Restrict the output to the lines below starting at the one that contains "zanedbatelných hrají roli" and ending at the one that contains "Setting �Time �Place When and Where", and restate them word for word, both ends included.

[Brief descriptive captions]

+===+

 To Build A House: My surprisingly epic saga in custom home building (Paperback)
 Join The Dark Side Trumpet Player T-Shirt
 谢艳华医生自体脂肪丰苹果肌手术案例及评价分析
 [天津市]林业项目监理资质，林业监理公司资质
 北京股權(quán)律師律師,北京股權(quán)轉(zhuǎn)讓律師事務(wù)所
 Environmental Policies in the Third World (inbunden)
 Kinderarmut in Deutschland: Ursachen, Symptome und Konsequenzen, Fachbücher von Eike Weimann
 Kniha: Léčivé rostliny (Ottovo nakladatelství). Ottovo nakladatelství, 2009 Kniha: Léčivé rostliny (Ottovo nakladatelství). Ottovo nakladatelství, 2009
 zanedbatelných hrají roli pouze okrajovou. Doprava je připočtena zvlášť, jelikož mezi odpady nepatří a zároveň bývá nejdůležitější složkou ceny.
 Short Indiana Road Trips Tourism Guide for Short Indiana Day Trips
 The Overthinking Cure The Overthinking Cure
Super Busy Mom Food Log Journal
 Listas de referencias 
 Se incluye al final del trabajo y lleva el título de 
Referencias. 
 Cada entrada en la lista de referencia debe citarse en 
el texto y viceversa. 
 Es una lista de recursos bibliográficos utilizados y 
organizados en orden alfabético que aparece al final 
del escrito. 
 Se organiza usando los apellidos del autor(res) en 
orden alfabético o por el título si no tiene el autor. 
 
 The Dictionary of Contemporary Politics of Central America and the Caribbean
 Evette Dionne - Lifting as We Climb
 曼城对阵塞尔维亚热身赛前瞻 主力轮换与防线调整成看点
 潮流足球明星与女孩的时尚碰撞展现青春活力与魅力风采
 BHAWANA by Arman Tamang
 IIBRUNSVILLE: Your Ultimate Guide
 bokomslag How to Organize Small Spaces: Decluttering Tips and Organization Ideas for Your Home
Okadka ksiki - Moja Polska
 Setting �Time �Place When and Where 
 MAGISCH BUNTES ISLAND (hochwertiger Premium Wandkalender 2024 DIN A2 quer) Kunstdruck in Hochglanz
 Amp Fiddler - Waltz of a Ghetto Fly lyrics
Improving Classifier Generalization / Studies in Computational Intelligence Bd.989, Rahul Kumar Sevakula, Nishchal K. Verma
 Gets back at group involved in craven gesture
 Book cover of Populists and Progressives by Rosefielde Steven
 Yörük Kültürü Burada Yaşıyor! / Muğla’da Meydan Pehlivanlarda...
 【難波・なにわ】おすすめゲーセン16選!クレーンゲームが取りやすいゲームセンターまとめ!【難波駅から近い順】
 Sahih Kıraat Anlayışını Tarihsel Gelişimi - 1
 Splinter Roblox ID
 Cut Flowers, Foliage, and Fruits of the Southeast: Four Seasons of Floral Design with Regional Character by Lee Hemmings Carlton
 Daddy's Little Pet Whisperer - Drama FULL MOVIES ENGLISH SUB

+===+

## Result for this task
 zanedbatelných hrají roli pouze okrajovou. Doprava je připočtena zvlášť, jelikož mezi odpady nepatří a zároveň bývá nejdůležitější složkou ceny.
 Short Indiana Road Trips Tourism Guide for Short Indiana Day Trips
 The Overthinking Cure The Overthinking Cure
Super Busy Mom Food Log Journal
 Listas de referencias 
 Se incluye al final del trabajo y lleva el título de 
Referencias. 
 Cada entrada en la lista de referencia debe citarse en 
el texto y viceversa. 
 Es una lista de recursos bibliográficos utilizados y 
organizados en orden alfabético que aparece al final 
del escrito. 
 Se organiza usando los apellidos del autor(res) en 
orden alfabético o por el título si no tiene el autor. 
 
 The Dictionary of Contemporary Politics of Central America and the Caribbean
 Evette Dionne - Lifting as We Climb
 曼城对阵塞尔维亚热身赛前瞻 主力轮换与防线调整成看点
 潮流足球明星与女孩的时尚碰撞展现青春活力与魅力风采
 BHAWANA by Arman Tamang
 IIBRUNSVILLE: Your Ultimate Guide
 bokomslag How to Organize Small Spaces: Decluttering Tips and Organization Ideas for Your Home
Okadka ksiki - Moja Polska
 Setting �Time �Place When and Where 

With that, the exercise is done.